New Orleans’ oldest neighborhood is located on a crescent of the Mississippi River and is one of the highest point of land in the city. Known as the cultural hub of New Orleans, the heart of its history and artistic scene, is the French Quarter, known to locals as the Quarter. This district has historical landmark distinction, which was awarded in 1965.
Throughout its history, this warm and welcoming community has inspired artists and musicians to create some of the most famous works in American music, art and literature. Fresh artistic infusions from outside world, including Hollywood, help keep the French Quarter relevant. Yet, it is the year round residents that really keep the vibrancy of New Orleans alive.

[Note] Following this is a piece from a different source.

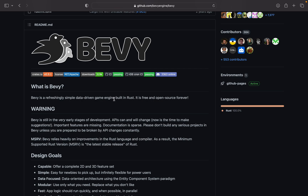So Bevy is a refreshingly simple, data-driven game engine built in Rust. It is free and open source forever. There are so many people building game engines out there, and then you have Bevy — the new kid around the block using a new language called Rust.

New Orleans showcases a mix of cultures
Architecturally, New Orleans showcases a mix of cultures, including French, Creole, Spanish and American. Cast iron balconies came into fashion in the 1850s, when Baroness Pontabla added them to her row houses outside of Jackson Square. These distinctive balconies provide an exclusive architectural touch. The Gallier House was designed and built by James Gallier, who is one of New Orleans most famous architects. His design for the Gallier House provides a beautiful example of how culture and architecture are fused within the city itself.
For those who love shopping for the exotic, New Orleans’ Royal Street provides plenty of one of a kind boutique shops and galleries. Browse through art from local artists as well as unique antiques. Charles Street provides more contemporary shopping, including clothes, shoes and accessories. The French Market was revamped from a 1920s Italian Market and has become a treasure trove of distinctive artistic pieces.
The French Quarter
Of course, the French Quarter would not be complete without the music. Visitors from all over the world associate New Orleans with American Jazz and Blues. Corners are filled with local musicians, providing a soundtrack to the rhythm of New Orleans.
Food is also a huge draw, as the French Quarter houses some of the best places to find the unique blend of Creole and Cajun cuisine. Gumbo is available everywhere, with various blends that provide a kick of spice with every bite. The unique flavors are captured at such restaurants as Antoine’s and Tujague’s, both of which have been in business since the 19th century.
Bourbon Street is famous not only for the variety of food, but also the diversity of alcoholic drinks available. For example, the Jax Brewery is the original home of a local brew. The French Quarter is also one of the few areas where open containers of alcohol and its consumption are allowed on the street. Distinctive drinks are created by the various bars, each hoping to outdo the others.
Real estate prices throughout the French Quarter have gone up, reflecting the development as the area began to reflect a more tourist bent. Local artists and others were priced out of the district. Yet, their mark is still prevalent on street corners where musicians ply their trade for the public.
Truly, the French Quarter combines a rich sense of history with an artistic flavor. Those who love the original and distinct will fall in love with the French Quarter, where it combines several cultures to create a completely new and diverse one.